In early 2014, however, it became clear that something different was brewing in the tropical Pacific. Westerly wind bursts—which encourage warming of the ocean surface in the central and eastern Pacific, and which had been largely absent in recent years—started to increase in frequency and magnitude. Ocean and atmosphere models used to predict the evolution of the Earth’s climate in real-time started to suggest the potential for a major regime shift in the Pacific, with pronounced warming of the eastern Pacific. By early spring 2014, rumors of a strong El Niño event were flying—and were generally supported by model forecasts. But by early summer, the westerly wind bursts stopped rather abruptly, prematurely shutting down the complex chain of self-reinforcing feedbacks that need to be in place for an El Niño event to develop and fully mature. While modest warming of the tropical East Pacific did occur, the atmosphere never really responded to the oceanic changes in a meaningful way, and model forecasts by early summer quickly fell toward a borderline event, at best.
Early 2015 brought similar news, with several new bursts of westerly winds and corresponding model forecasts of a building El Niño. This time, however, the anomalous westerly winds did not abate. The East Pacific had already built up considerable tropical and extratropical warmth during the “non-El Niño” of 2014, and additional heat quickly accumulated through the spring and early summer months of 2015. Much unlike 2014, ocean-atmosphere model forecasts continued to grow more emphatic regarding the potential for a very significant El Niño event by late summer. And this time, they were right: warmth the eastern tropical Pacific has recently reached values only seen previously during the strongest El Niño on record in 1997-1998. The atmosphere, too, has gotten its act together this time around—and is exhibiting a more strongly El Niño-like circulation pattern than has ever been observed previously during the summer months. Nearly every record that exists regarding tropical cyclones in the tropical Pacific has been broken over the past six months—and as of this writing, 3 major hurricanes were churning simultaneously over the central and eastern Pacific for the first time in recorded history. In fact, the combination of a powerful El Niño event and the sudden re-emergence of accumulated heat from the tropical West Pacific has created unprecedented warmth over a vast expanse of ocean, stretching thousands of miles from coastal Peru to the Gulf of Alaska.

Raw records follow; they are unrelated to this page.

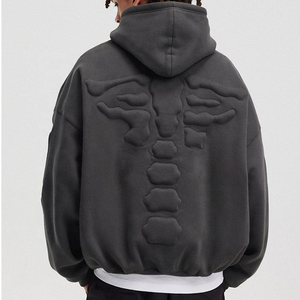 Pull à capuche personnalisé pour hommes 500 Gsm haute qualité 3D gaufré thermique Deboss Logo poche kangourou la plus tendance 100% coton - Product Image 4
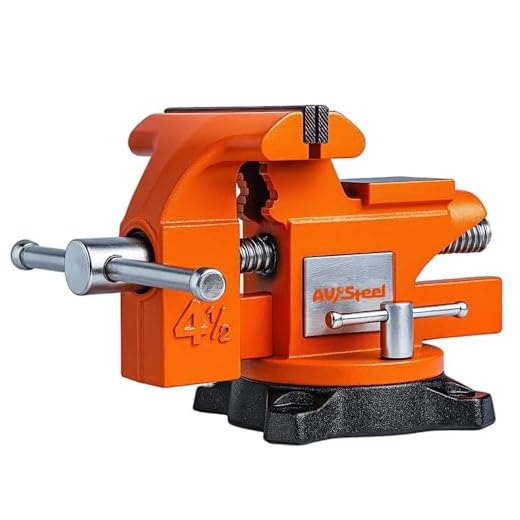 AV Steel 4-1/2" Bench Vise with 240° Flexible Swivel Locking Base and Anvil, High-Strength Multi-Purpose Workbench Vise Heavy-Duty, Cast Iron Workbench for Woodworking, Drilling, Pipe Cutting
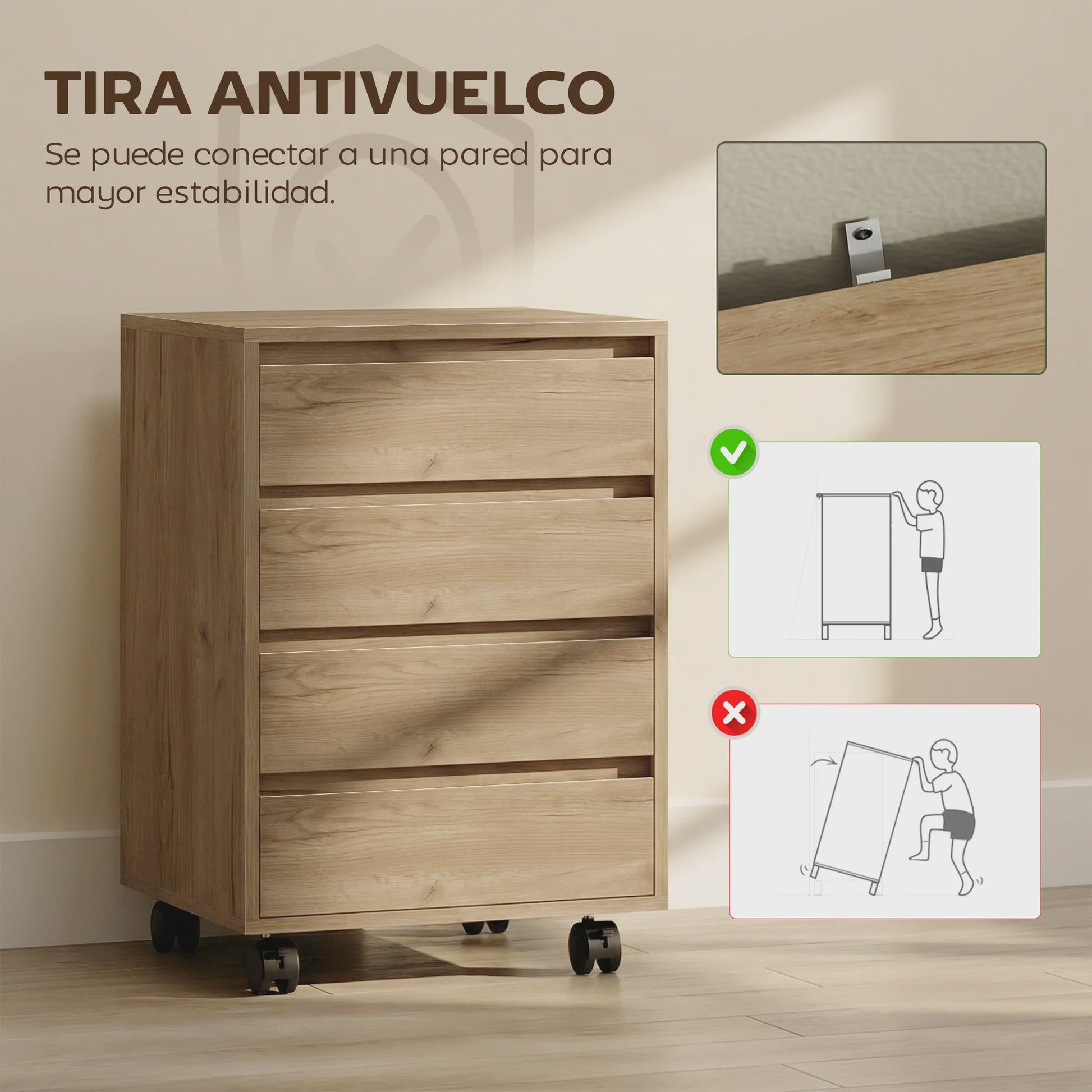 Mobiele Ladekast met 4 Lades - Bureau Ladekast op Wielen - 46x40x65 cm - Bruin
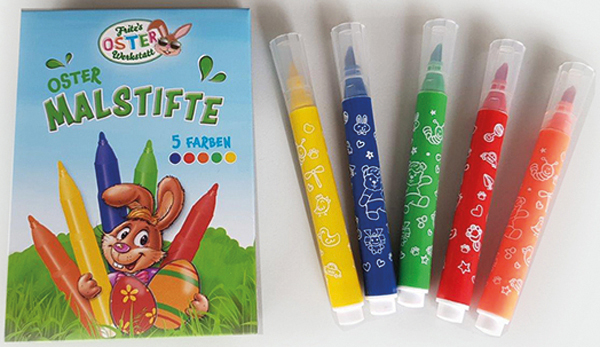 Set of 5 Easter crayons, packed in a folding box,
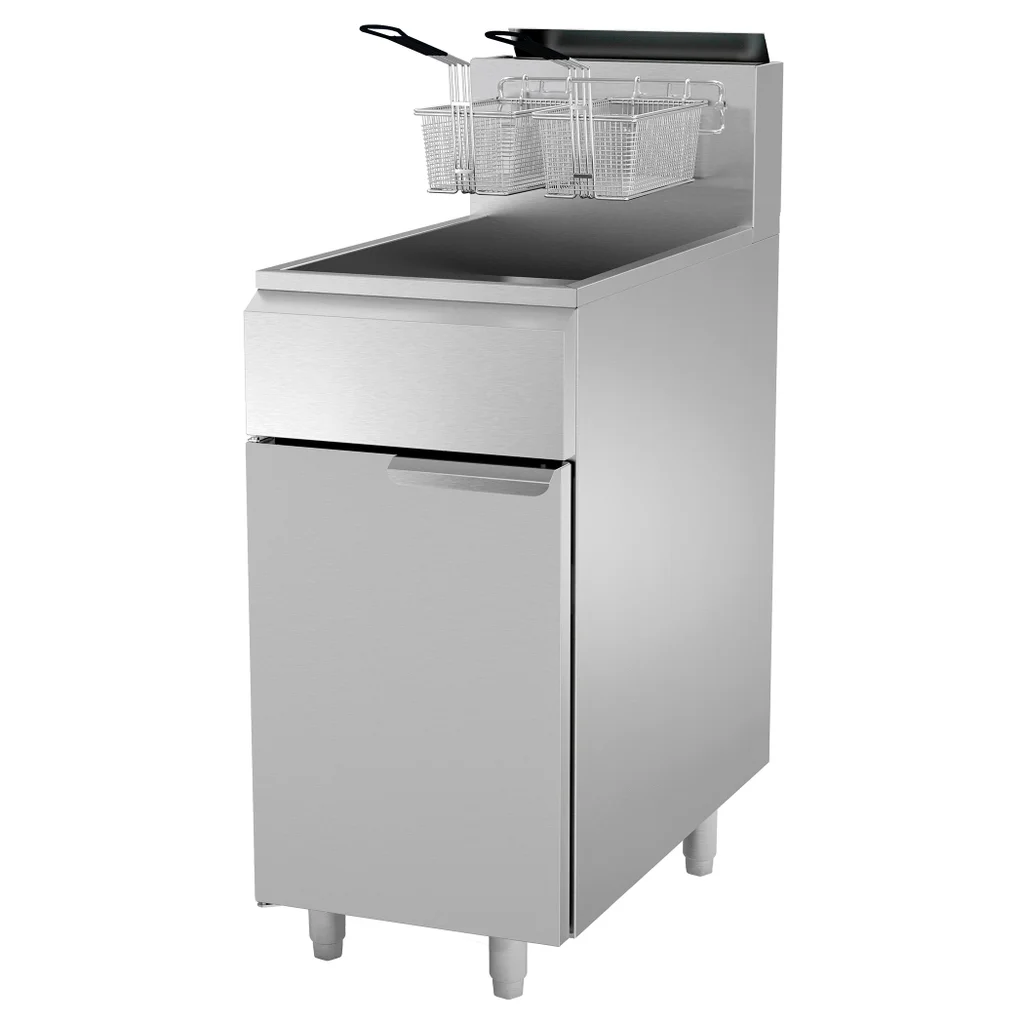Kutano Commercial Natural Gas Fryer, 3-Burner, 50 lb Capacity, 105K BTU, Stainless Steel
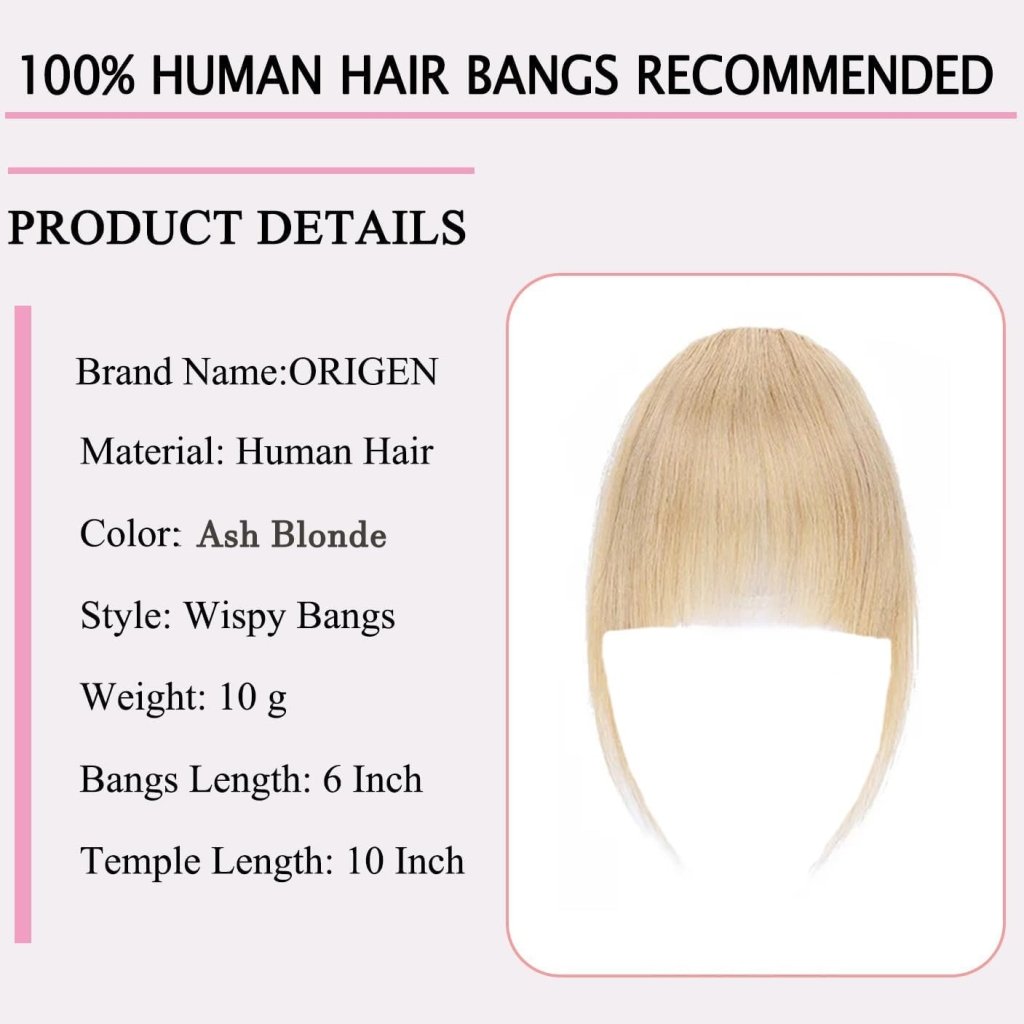 Clip in Bangs Real Human Hair Clip on Wispy Bangs Fringe Hairpieces Wig - Wigtrends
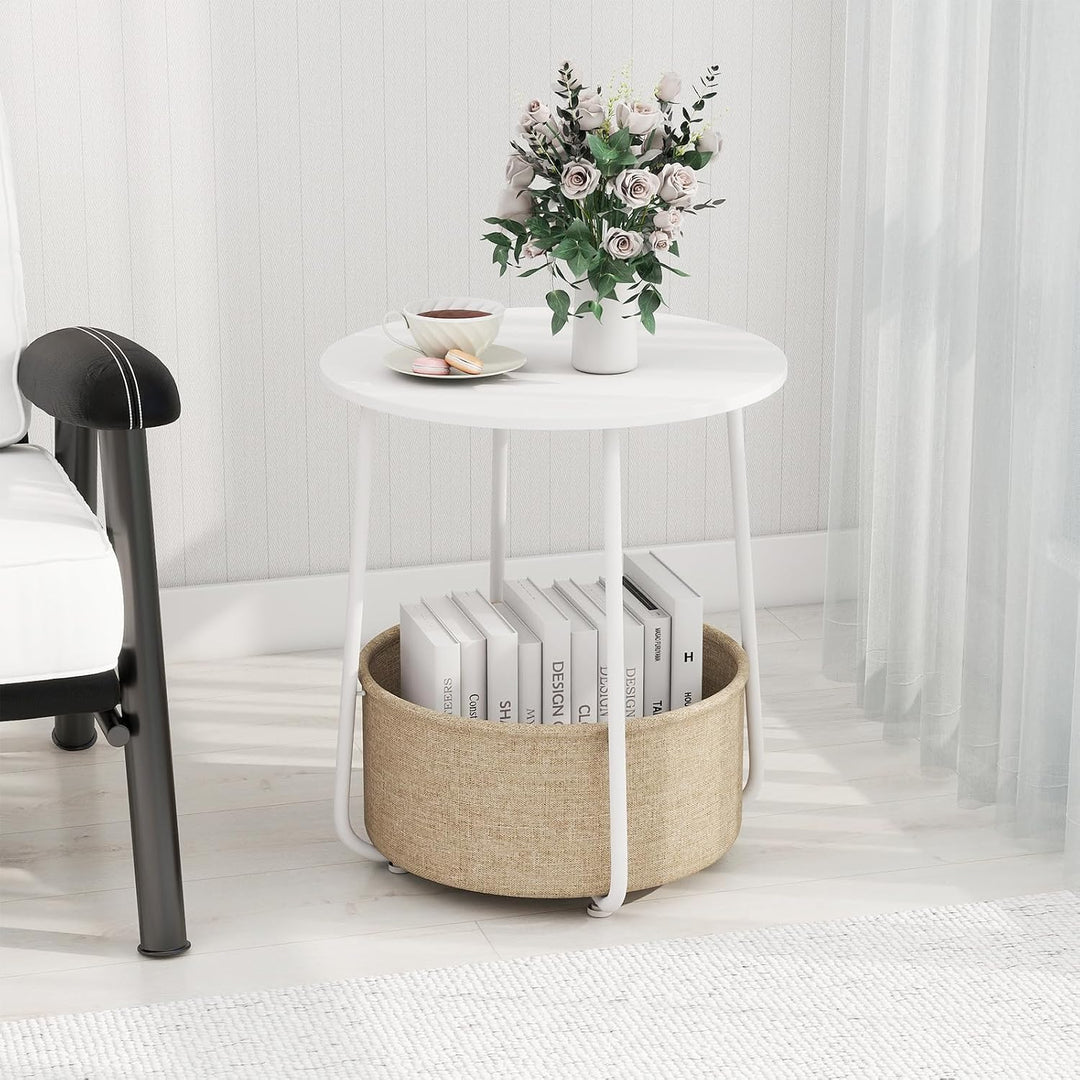 GYMAX Beistelltisch rund, Kleiner Tisch mit 2 Ebenen &amp; abnehmbarem Stoffkorb, Sofatisch mit Metallra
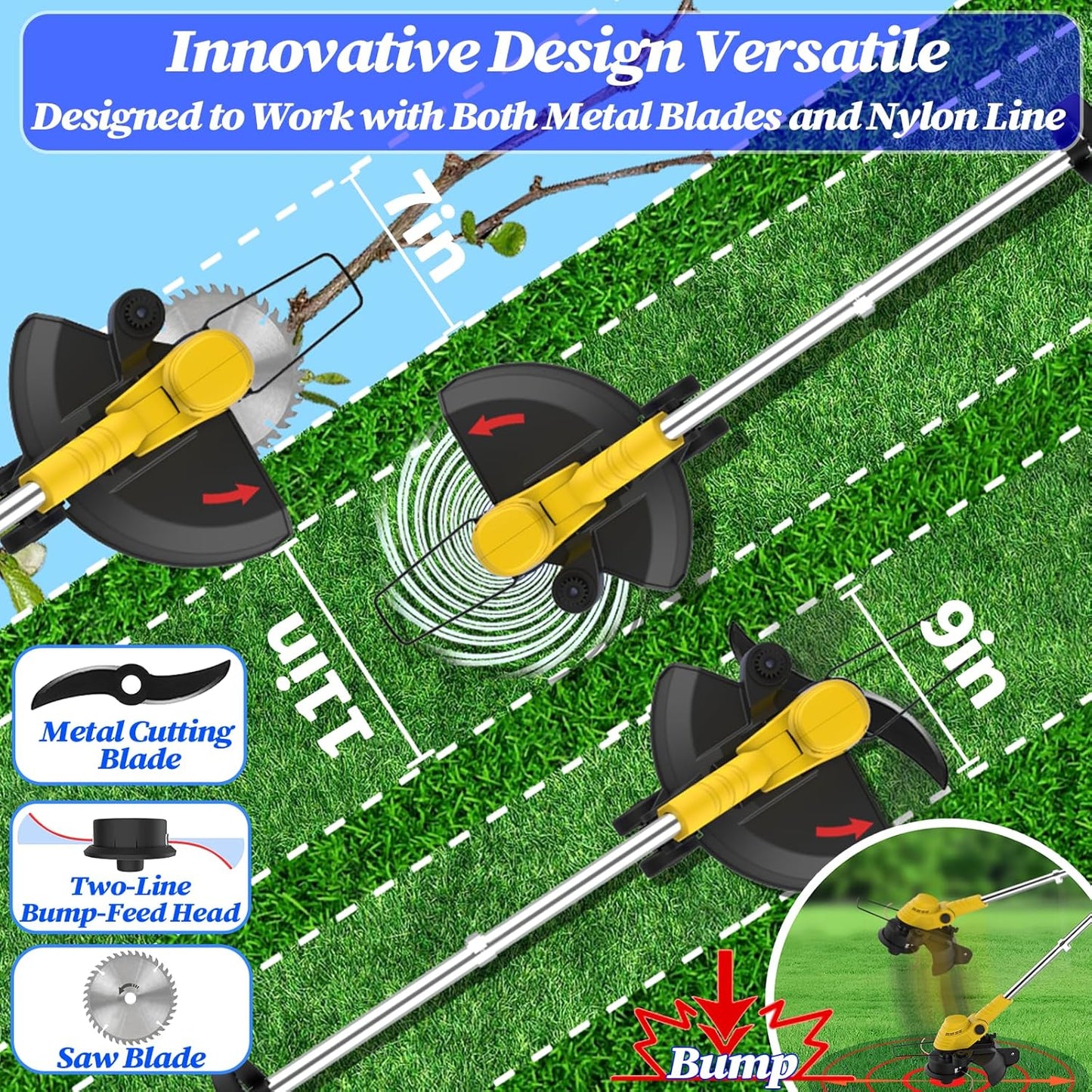20000 RPM(4.0AhX2) Electric Weed Wacker,Dual-Durable-Line,Metal Blades,Wheel,4-in-1 Battery Powered Weed Eater Cordless+String Trimmer+Edger Lawn Tool+Brush Cutter,Weed Whacker,Weed Trimmer Lawn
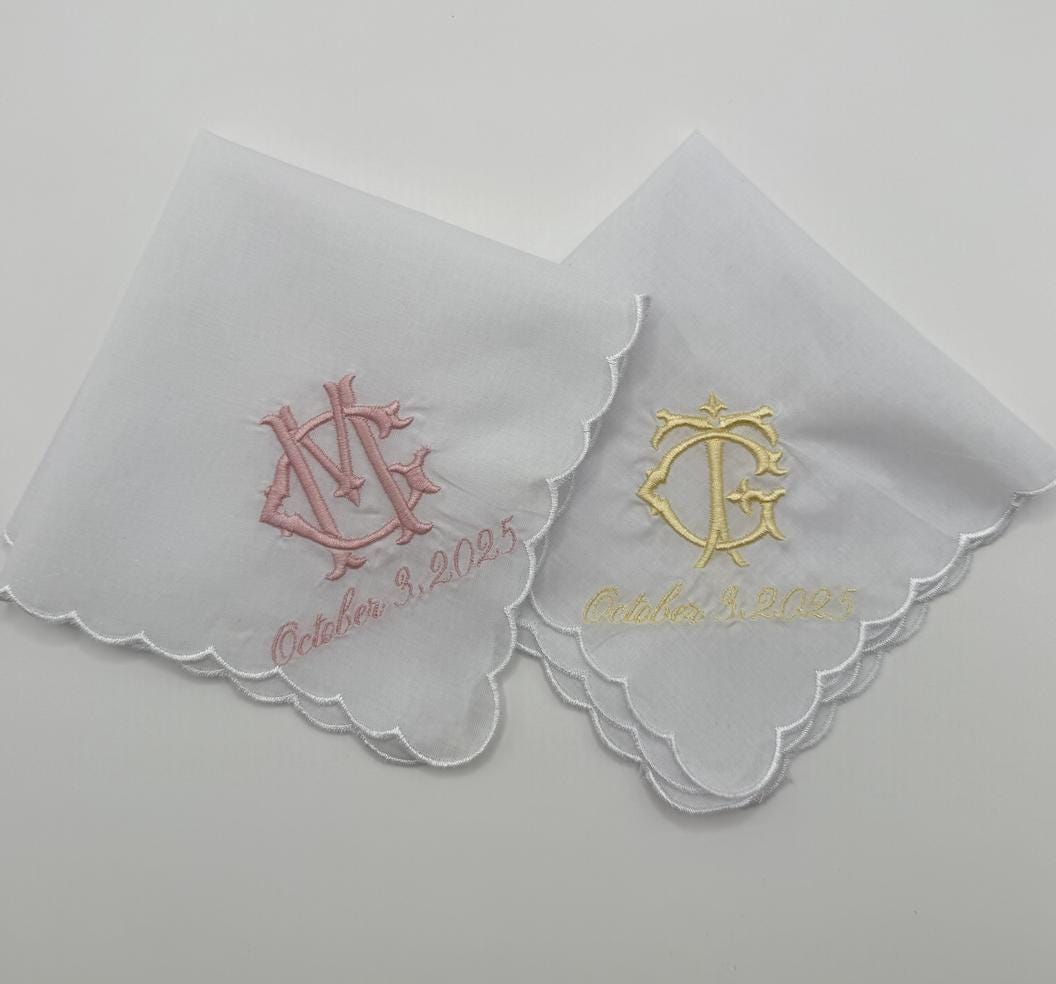 Bride and Groom Matching Handerchiefs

The forecast: persistence and further strengthening expected
We’re now long past the much-discussed “Spring Predictability Barrier,” and coupled ocean-atmosphere model forecasts remain nearly unanimous in predicting a top-tier El Niño for the upcoming autumn and winter months. Since ocean temperature anomalies in the canonical Niño 3.4 region are now above 2 C—which are record values for the calendar month and not too far from their highest values ever observed at any time of year—current observations in the real world suggests that the models are very much on track.
Right now, an “ensemble” consisting of all major national and international climate models suggests a high likelihood that the present El Niño will eventually become the strongest on record, surpassing even 1997-1998 in terms of ocean temperatures in the equatorial Pacific. Even if this event does not become the superlative event in the historical record, it’s virtually certain that it will end up in the top three. Because the atmosphere has responded in a very strong and coherent way to these extremely high ocean temperatures already, there is presently very high confidence that El Niño will persist through the coming autumn and winter months, and continue to strengthen through at least November.
Strongest California winter precipitation signal in years
It’s hard to imagine a more powerful predictive signal for California winter precipitation than the occurrence of a very strong El Niño event. Weak to moderate El Niño events can have highly variable effects in California, and are in most cases poor predictors of how much precipitation might fall in the Golden State. But the big events are a whole different ballgame—and the presence of a powerful El Niño in the tropical Pacific is the single most useful piece of information we have regarding what might take place in the months to come.
While even a record-strength El Niño in the tropical Pacific does not mean that California will experience record rains this winter—since there are always other factors at play—it does strongly shift the odds in favor of a wet winter. This not only fits with conceptual models regarding the atmospheric effects of El Niño, but is also strongly supported by model predictions. While the models do disagree upon the details, there is a very clear signal toward a classic “El Niño” winter dipole along the West Coast of North America, with much below-average precipitation in the Pacific Northwest and British Columbia and much above-average precipitation over essentially all of California from the Oregon border to Baja California.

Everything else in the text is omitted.